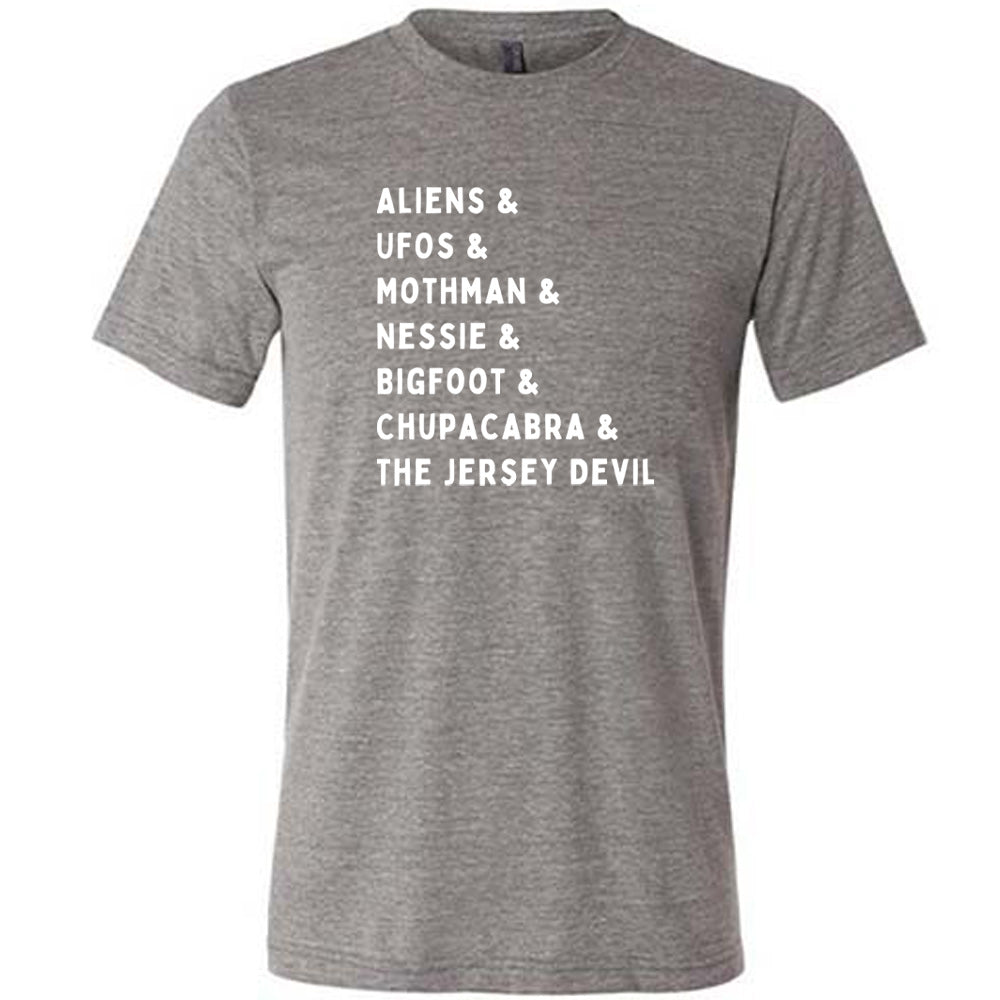 Grey colored shirt with graphic on it that says "ALIENS & UFOS & MOTHMAN & NESSIE & BIGFOOT & CHUPACABRA & THE JERSEY DEVIL"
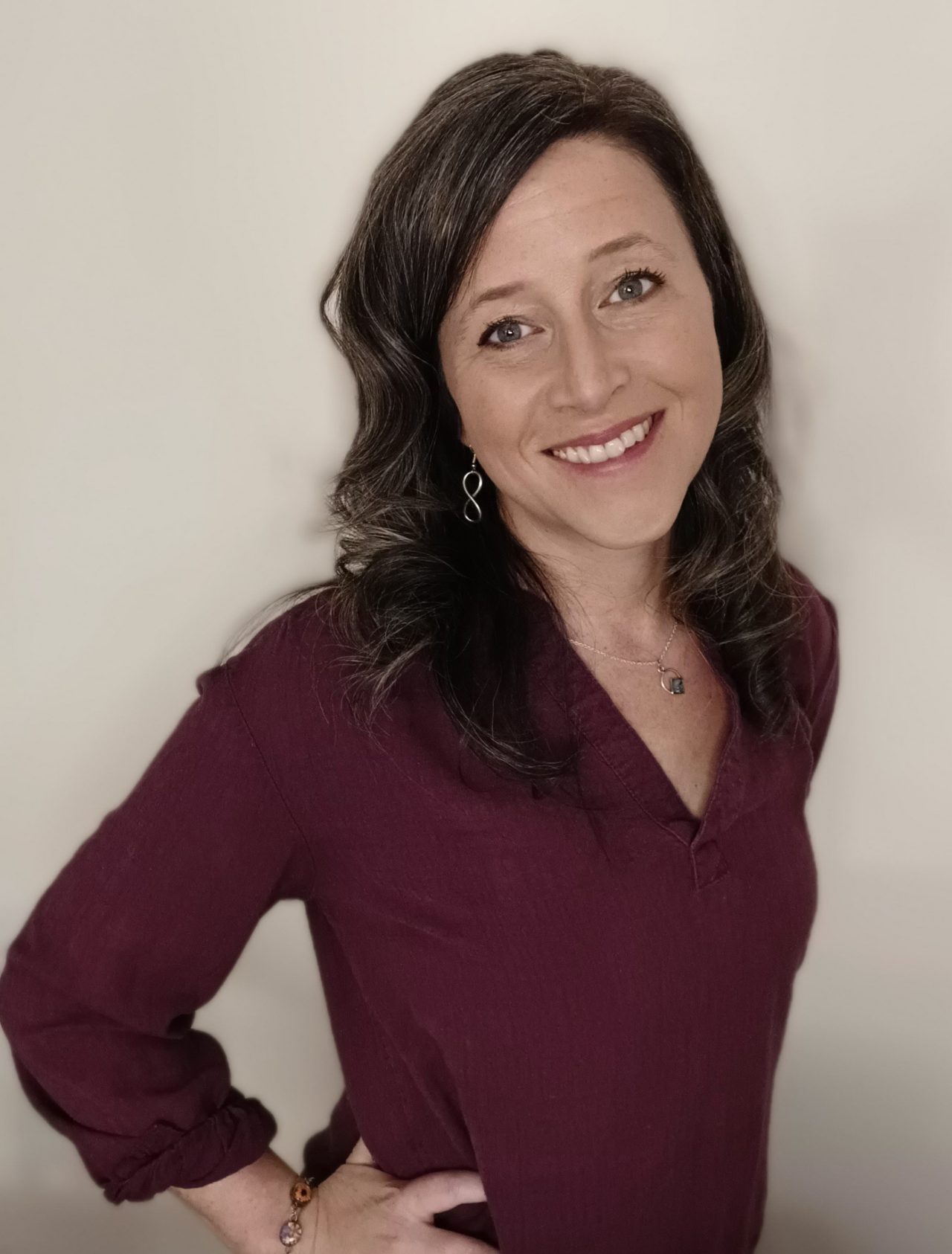 Smiling woman with long dark hair wearing burgundy top poses with her hand on her hip.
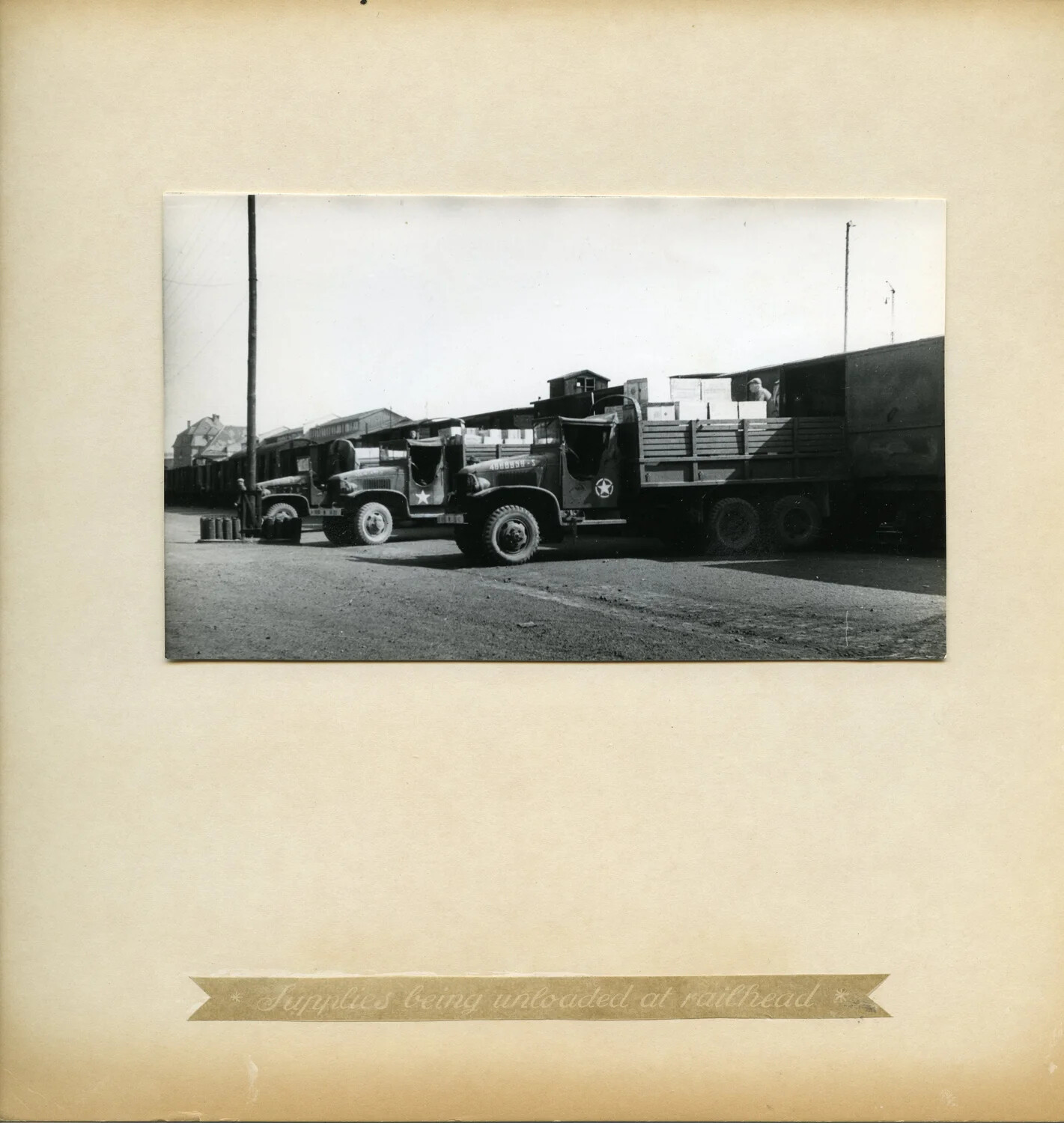 U.S. Army Cargo Trucks Unloading Supplies at Railhead, German Depot, Postwar Occupation Period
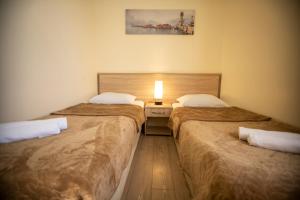 Ένα ή περισσότερα κρεβάτια σε δωμάτιο στο Hotel Chveni Ezo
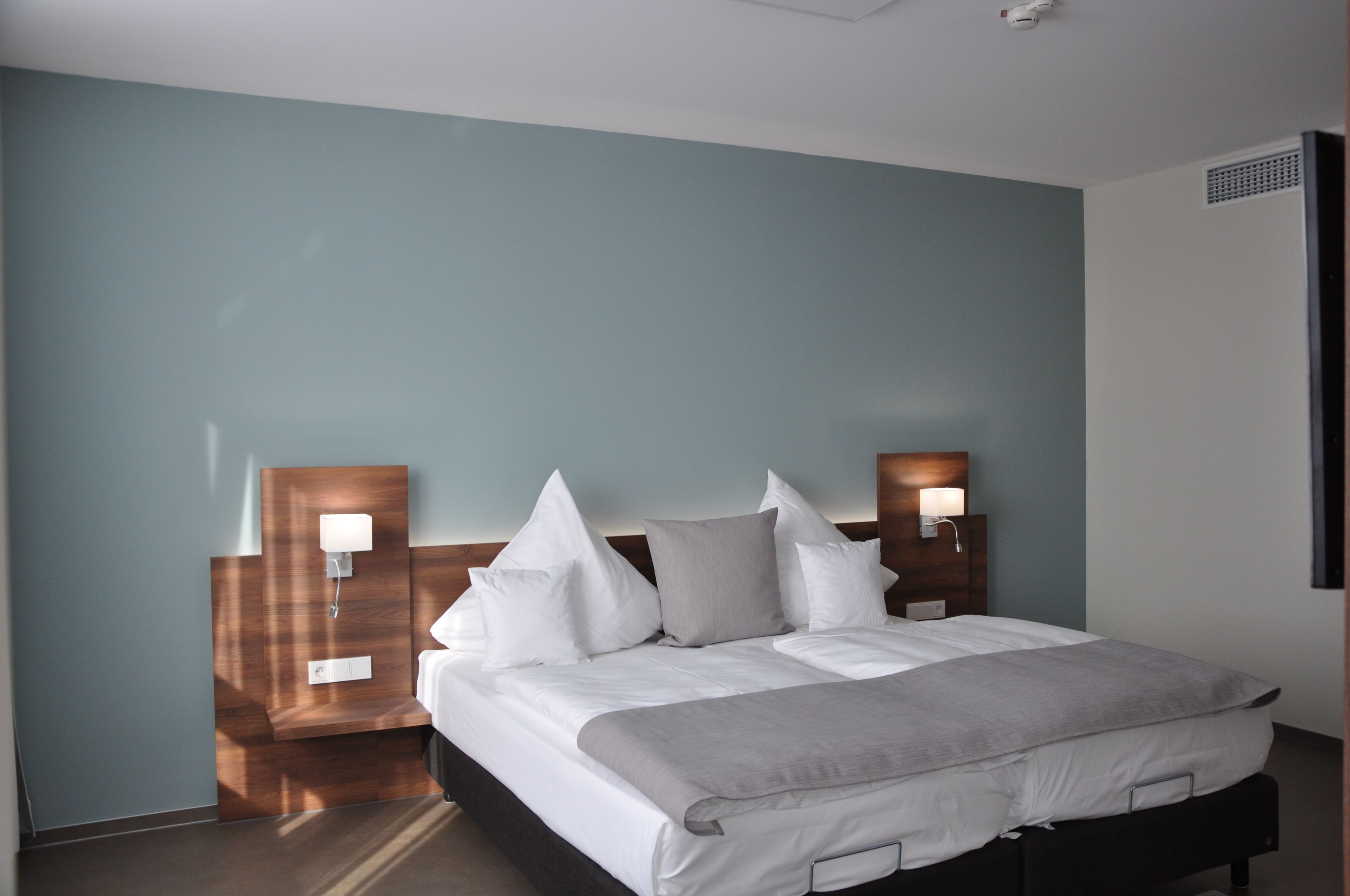 Una habitación de hotel con cama, dos mesitas de noche con lámparas y un aplique de pared.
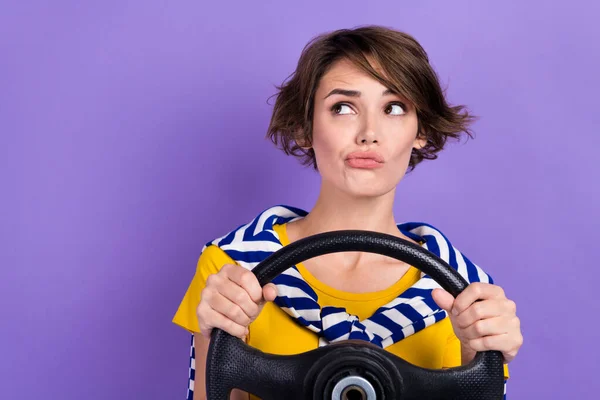 Photo of minded lady wear trendy striped clothes suspiciously look empty space hmm drive lesson test isolated on purple color background.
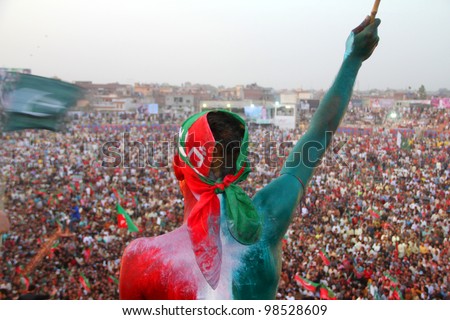 SIALKOT, PAKISTAN - MAR 23: PTI supporter at Jinnah Cricket Stadium during a political rally of cricketer turned politician Imran Khan on March 23, 2012 in Sialkot, Pakistan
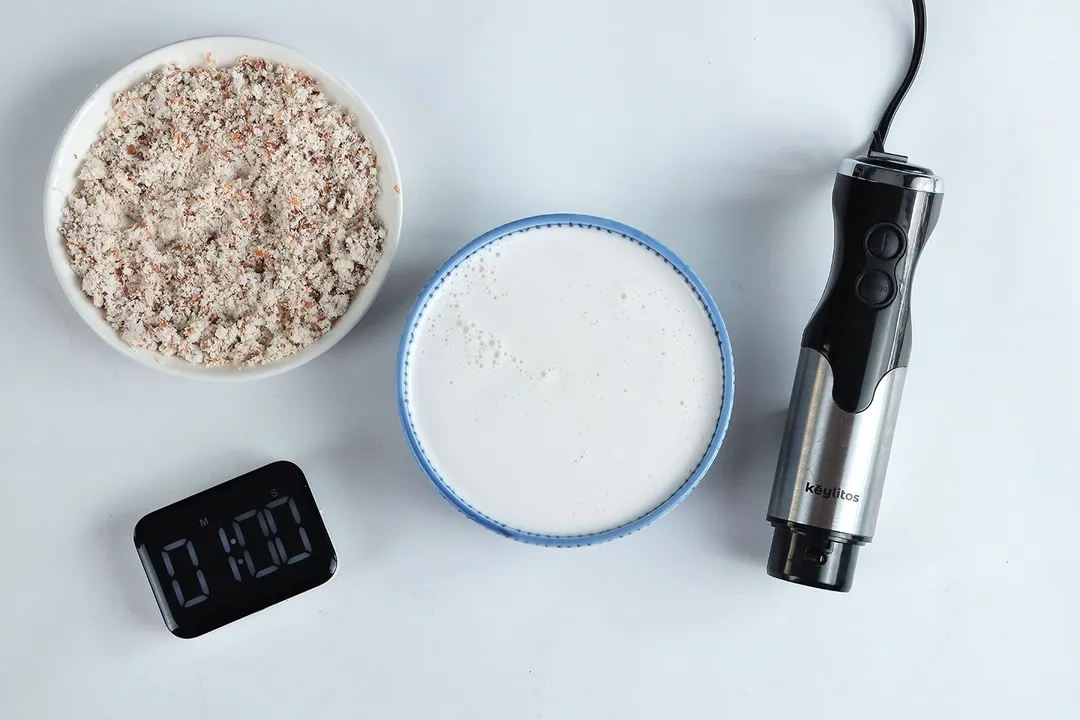The Keylitos 5-in-1 immersion blender beside its bowl of almond milk and the corresponding almond pulp produced in 1 minute.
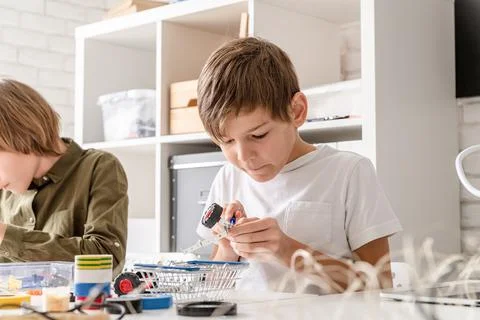 Young boys having fun constructing robot cars at the workshop Stock Photos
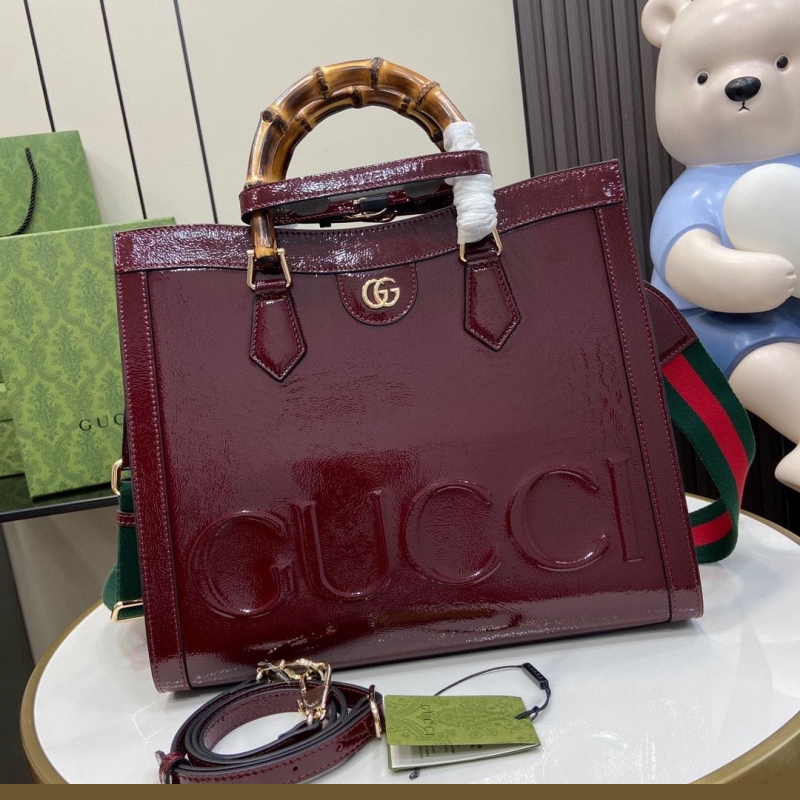 G*u*i top handle bags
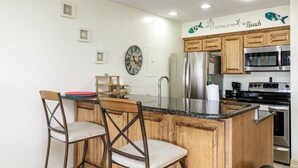 A kitchen with wooden cabinets, a stainless steel refrigerator, a microwave, and a sink. There are two bar stools and a clock on the wall.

※ ※ ※

* _What this task involves_
Write out the data above exactly, minus any images.

* _Task solution_
 Grey colored shirt with graphic on it that says "ALIENS & UFOS & MOTHMAN & NESSIE & BIGFOOT & CHUPACABRA & THE JERSEY DEVIL"
 Smiling woman with long dark hair wearing burgundy top poses with her hand on her hip.
 U.S. Army Cargo Trucks Unloading Supplies at Railhead, German Depot, Postwar Occupation Period
 Ένα ή περισσότερα κρεβάτια σε δωμάτιο στο Hotel Chveni Ezo
 Una habitación de hotel con cama, dos mesitas de noche con lámparas y un aplique de pared.
 Photo of minded lady wear trendy striped clothes suspiciously look empty space hmm drive lesson test isolated on purple color background.
 SIALKOT, PAKISTAN - MAR 23: PTI supporter at Jinnah Cricket Stadium during a political rally of cricketer turned politician Imran Khan on March 23, 2012 in Sialkot, Pakistan
The Keylitos 5-in-1 immersion blender beside its bowl of almond milk and the corresponding almond pulp produced in 1 minute.
 Young boys having fun constructing robot cars at the workshop Stock Photos
 G*u*i top handle bags
 A kitchen with wooden cabinets, a stainless steel refrigerator, a microwave, and a sink. There are two bar stools and a clock on the wall.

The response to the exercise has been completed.